他にはどのような言い伝えがあるのでしょうか? 以下、主にヨーロッパにおけるクワガタ(ヨーロッパミヤマクワガタ)についての言い伝えを調べてみました。
余談ですが、ヨーロッパミヤマクワガタについての文化をまとめた本”Lucanus cervus depictus“がカバーしている範囲の広さに改めて驚かされました。
クワガタは雷を呼ぶ
“Names such as Donnergueg (thunder abetting) or Donnerschröter (thunder spreader) indicate that stag-beetles attract lightening and, were therefore baned from entering the home.” Donnergueg(雷をあおる者)やDonnerschröter(雷を広げる者)といった呼び名は、クワガタが雷を呼び寄せることを物語っている。これを信じて人々はクワガタを家に入れることを避けた(”Lucanus cervus depictus” – グリム童話のグリムが書いたDeutsche Mythologie (1935)より引用)。

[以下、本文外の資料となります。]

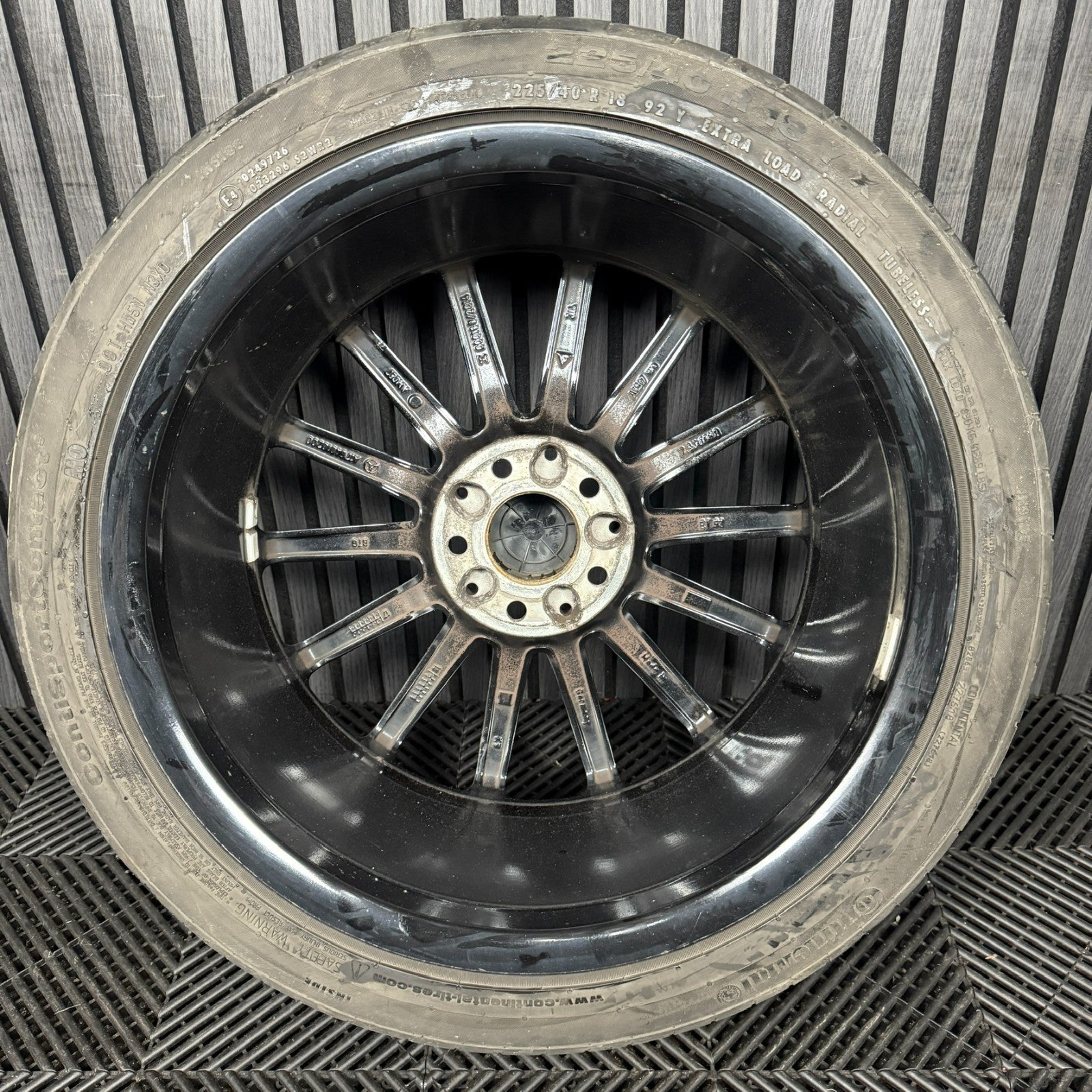 1X 18'' GENUINE AMG MERCEDES A CLASS CLA W176 BLACK ALLOY WHEEL TYRE A1764010200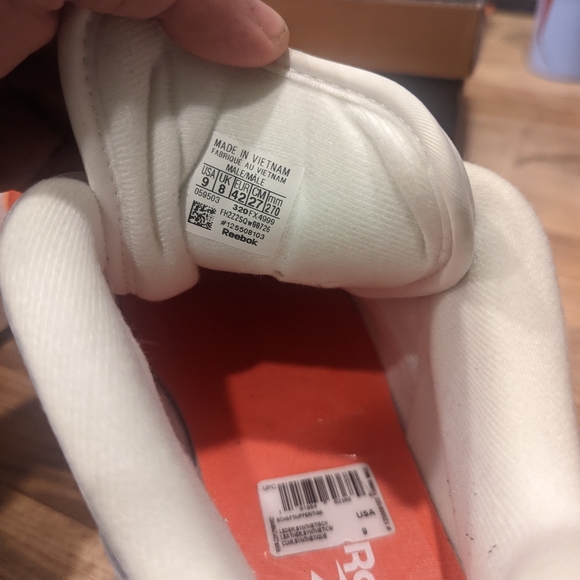 Reebok Question Low Patent Toe Orange - Picture 5 of 8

– ドイツ: “Lucanus cervus depictus”より
– 西ヨーロッパ: “Beetles“より – イギリス: リッチモンドパークのウェブサイトとBBCより
クワガタは雷神”Donar” (“Thor”) の使者である
“Scientists assumed a parallel between the stag beetle and the Germanic god Donar or Thor, the god of thunder and protector of the harvest.” 雷神であり収穫の守り神であるドイツの”Donar”(Thor)とクワガタを類似するものと推測した(”Lucanus cervus depictus” – グリム童話のグリムが書いたDeutsche Mythologie (1935)より引用)。
– ドイツ: “Lucanus cervus depictus”とリッチモンドパークのウェブサイトより *ヨーロッパの神話に登場するクワガタの逸話については、こちらのウェブサイトでとても詳しく紹介されています。
クワガタを持っていると雷避けになる
“They believed that a stag beetle head worn on a hat provided protection from lightning and the evil eye.” クワガタの頭を帽子の中に入れていれば雷避けになり、また厄除けになると信じられていた(”Lucanus cervus depictus” より引用)。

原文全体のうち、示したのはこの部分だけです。